▶ Task brief: Exactly the lines from the one with "PLAYMOBIL 71819 Brachiosaure, explorateurs, aéroglisseur-8" through the final line of the listing below should appear in the answer, and no others.
Entries provided Block Start
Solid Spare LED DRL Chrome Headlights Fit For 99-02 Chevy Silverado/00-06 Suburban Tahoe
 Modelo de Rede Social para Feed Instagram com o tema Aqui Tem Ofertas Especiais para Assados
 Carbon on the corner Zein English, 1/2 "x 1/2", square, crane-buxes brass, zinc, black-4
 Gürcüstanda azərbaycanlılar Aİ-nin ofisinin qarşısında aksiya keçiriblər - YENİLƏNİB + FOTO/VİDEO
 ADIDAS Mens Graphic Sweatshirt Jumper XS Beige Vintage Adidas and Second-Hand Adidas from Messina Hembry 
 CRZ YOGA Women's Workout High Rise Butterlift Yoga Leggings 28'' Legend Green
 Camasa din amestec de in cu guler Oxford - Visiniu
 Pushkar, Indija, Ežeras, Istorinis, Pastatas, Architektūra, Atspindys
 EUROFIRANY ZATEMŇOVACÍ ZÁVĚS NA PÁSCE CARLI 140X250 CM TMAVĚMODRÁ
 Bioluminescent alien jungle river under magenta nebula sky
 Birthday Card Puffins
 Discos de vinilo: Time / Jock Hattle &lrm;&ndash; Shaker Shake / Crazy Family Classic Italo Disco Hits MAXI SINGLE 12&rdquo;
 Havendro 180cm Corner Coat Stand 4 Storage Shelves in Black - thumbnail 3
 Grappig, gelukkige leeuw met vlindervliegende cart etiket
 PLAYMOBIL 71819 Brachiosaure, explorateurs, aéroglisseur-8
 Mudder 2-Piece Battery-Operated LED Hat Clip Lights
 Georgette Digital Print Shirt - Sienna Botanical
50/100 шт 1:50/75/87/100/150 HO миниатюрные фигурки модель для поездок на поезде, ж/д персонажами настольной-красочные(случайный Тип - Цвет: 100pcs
Entries provided Block End
▶ Result:
 PLAYMOBIL 71819 Brachiosaure, explorateurs, aéroglisseur-8
 Mudder 2-Piece Battery-Operated LED Hat Clip Lights
 Georgette Digital Print Shirt - Sienna Botanical
50/100 шт 1:50/75/87/100/150 HO миниатюрные фигурки модель для поездок на поезде, ж/д персонажами настольной-красочные(случайный Тип - Цвет: 100pcs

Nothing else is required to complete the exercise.